═════ GIVEN MATERIAL ═════

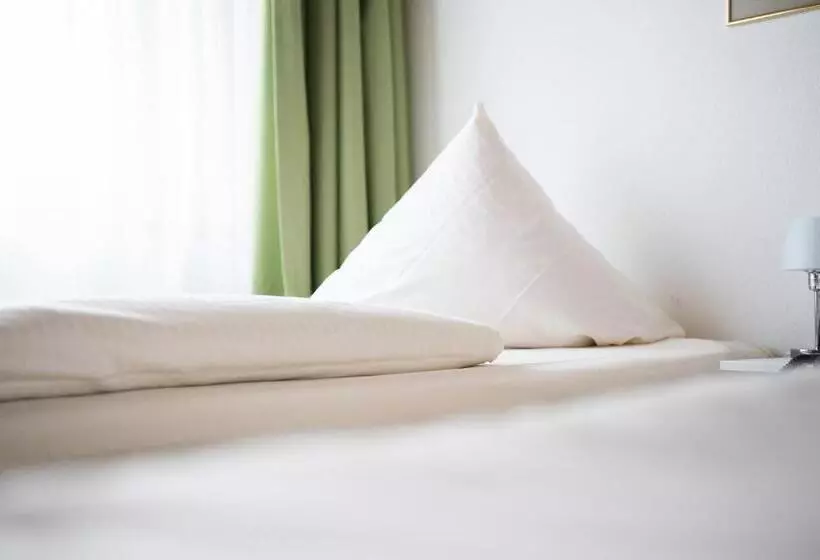 Отель Zum Eisenhammer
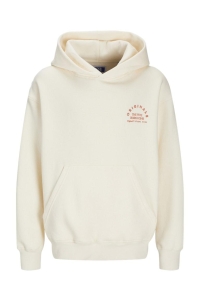 jack en jones boys JORBROOKLYN BACK SWEAT HOOD JNR buttercream/volume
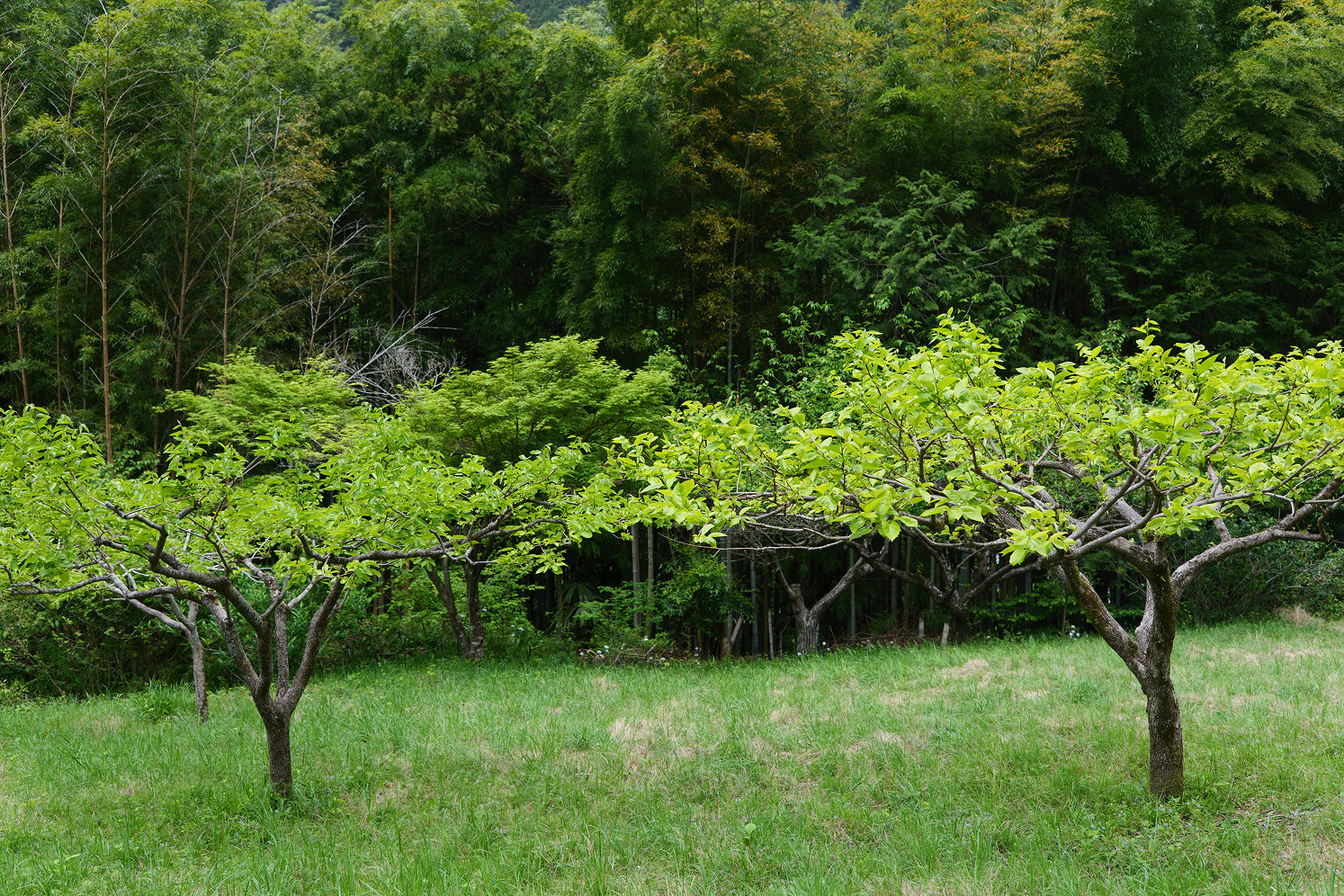 Image 8 from Where Things Grow by Nansong Ho. Copyright © 2024 - 2026 Nansong Ho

═════

_ACTIVITY_
Only the pictures are to be left out; copy all the remaining material above exactly.

_EXPECTED ANSWER_
 Отель Zum Eisenhammer
 jack en jones boys JORBROOKLYN BACK SWEAT HOOD JNR buttercream/volume
 Image 8 from Where Things Grow by Nansong Ho. Copyright © 2024 - 2026 Nansong Ho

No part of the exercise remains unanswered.